World No.104 will meet fellow Italian Matteo Berrettini in the quarterfinals

Matteo Arnaldi / Roland-Garros 2026, simple messieurs / 8es de finale
 - Alex Sharp

Matteo Arnaldi conjured up yet another five-set epic to book his maiden Grand Slam quarter-final under the lights on a lively Court Suzanne-Lenglen at gone 1am.

The 25-year-old required a match tiebreak to down Raphael Collignon in the previous round and hauled No.19 seed Frances Tiafoe the distance in the early hours of Tuesday morning.

The gripping 7-6(5), 6-7(5), 3-6, 7-6(3), 6-4 clash spanned five hours and 26 minutes to earn the world No.104 an elite eight encounter with fellow Italian Matteo Berrettini.

In doing so, Arnaldi has spent a tournament-leading 17 hours and 42 minutes and counting on court this fortnight.

“I don’t know how I’m standing here to be honest,” said a jubilant Arnaldi. “We live to play these matches. I always dreamed to play matches like this, at Roland-Garros, at night, in these battles against someone like Frances.

“I think at one point it wasn’t tennis, it was just something else, you just played with everything you had. There had to be a winner and fortunately it was me tonight.

“This is definitely the best match I ever played.”

The supremely athletic duo split the opening sets, before the American pulled clear with some devastating tennis combining finesse and power.

Tiafoe appeared destined for back-to-back Roland-Garros quarterfinals by building a 4-1 double break lead in the fourth set.

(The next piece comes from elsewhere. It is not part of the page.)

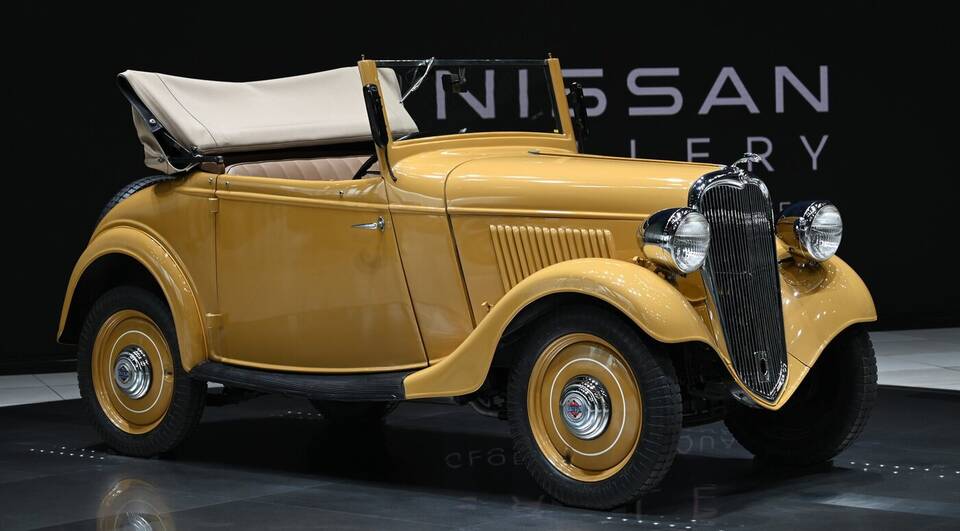 Commons identifies a 1935 Datsun Model 14 Roadster. The profile covers that Japanese roadster model and year.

Time for Arnaldi to spark a comeback.

Into the tiebreak and the 25-year-old’s front-foot play was making the difference during a series of high-octane exchanges. Arnaldi even went airborne to strike a piercing backhand down the line and moments later had earned a decider.

Arnaldi was in free flow by this stage and a series of firecracker groundstrokes yielded a commanding 4-2 advantage. Tiafoe would dig deep again with a whipped forehand the standout strike to level at 4-4 with the match clock ticking over five hours.

It was pure cinema. Tiafoe fell not once, but twice, in one rally alone, with Arnaldi stealing back the momentum and eventually converting his third match point.

The crowd burst into celebration, while Arnaldi and Tiafoe shared a hug, acknowledging a battle they will both remember for a very long time.

As a result, Arnaldi, alongside Berrettini and Flavio Cobolli, become the first Italian trio in the Open era to reach the men’s singles quarterfinals at the same Grand Slam.